▶ AIM OF THE TASK
Your copy starts at the line containing "قیمت خرید نوار" and ends at the last line below. Copy exactly, without pictures.

-------- EXTRACTED INFORMATION --------

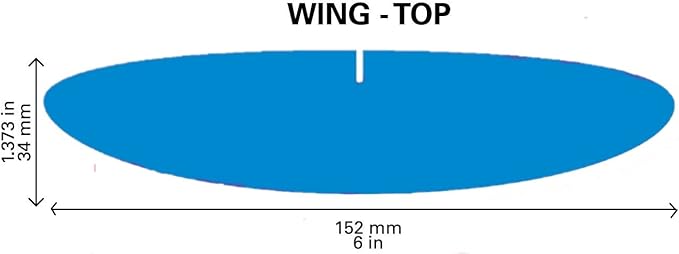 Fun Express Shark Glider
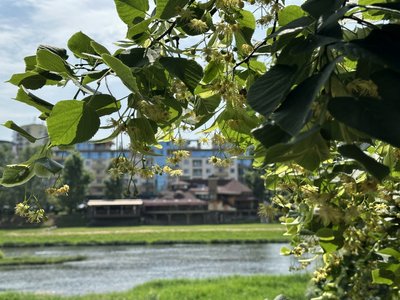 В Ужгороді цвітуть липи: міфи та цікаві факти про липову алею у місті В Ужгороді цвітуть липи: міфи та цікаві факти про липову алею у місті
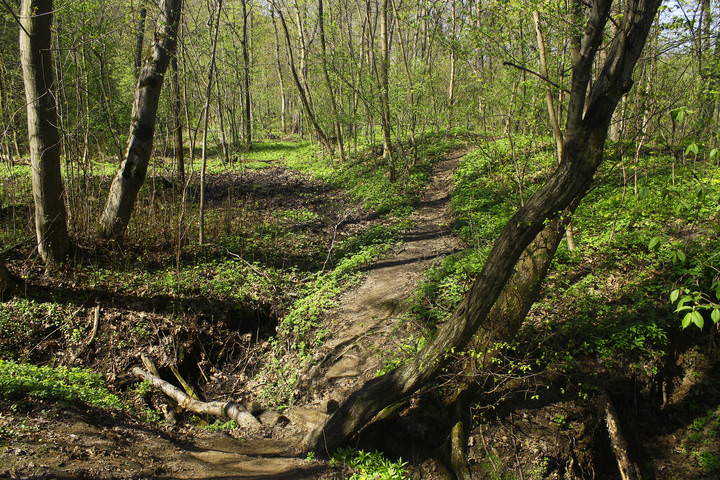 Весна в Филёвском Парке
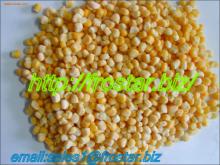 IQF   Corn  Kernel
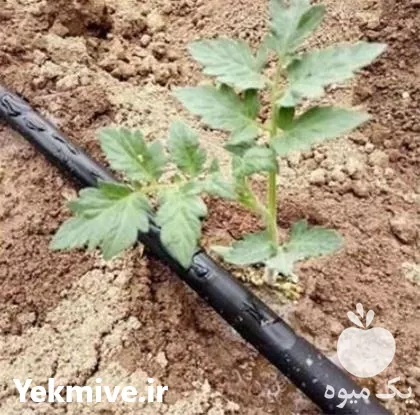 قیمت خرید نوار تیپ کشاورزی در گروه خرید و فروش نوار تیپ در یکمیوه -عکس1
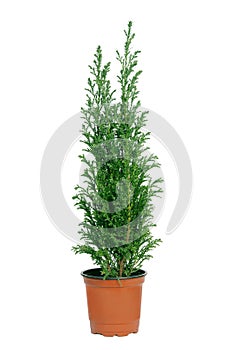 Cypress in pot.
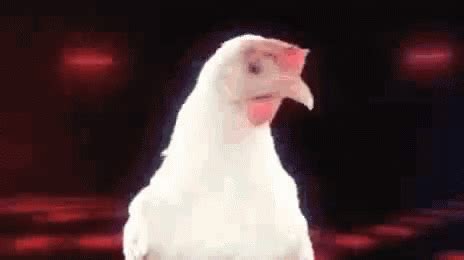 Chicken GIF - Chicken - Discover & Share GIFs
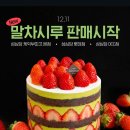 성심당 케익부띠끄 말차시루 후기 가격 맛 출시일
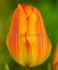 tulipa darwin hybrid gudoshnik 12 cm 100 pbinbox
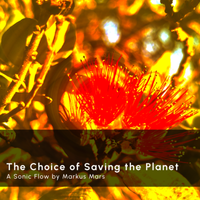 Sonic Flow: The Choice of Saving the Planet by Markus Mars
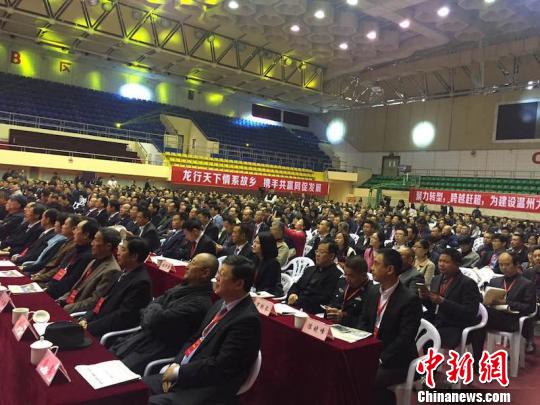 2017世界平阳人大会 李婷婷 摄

--------

▶ ANSWER SPACE
 قیمت خرید نوار تیپ کشاورزی در گروه خرید و فروش نوار تیپ در یکمیوه -عکس1
 Cypress in pot.
 Chicken GIF - Chicken - Discover & Share GIFs
 성심당 케익부띠끄 말차시루 후기 가격 맛 출시일
 tulipa darwin hybrid gudoshnik 12 cm 100 pbinbox
 Sonic Flow: The Choice of Saving the Planet by Markus Mars
 2017世界平阳人大会 李婷婷 摄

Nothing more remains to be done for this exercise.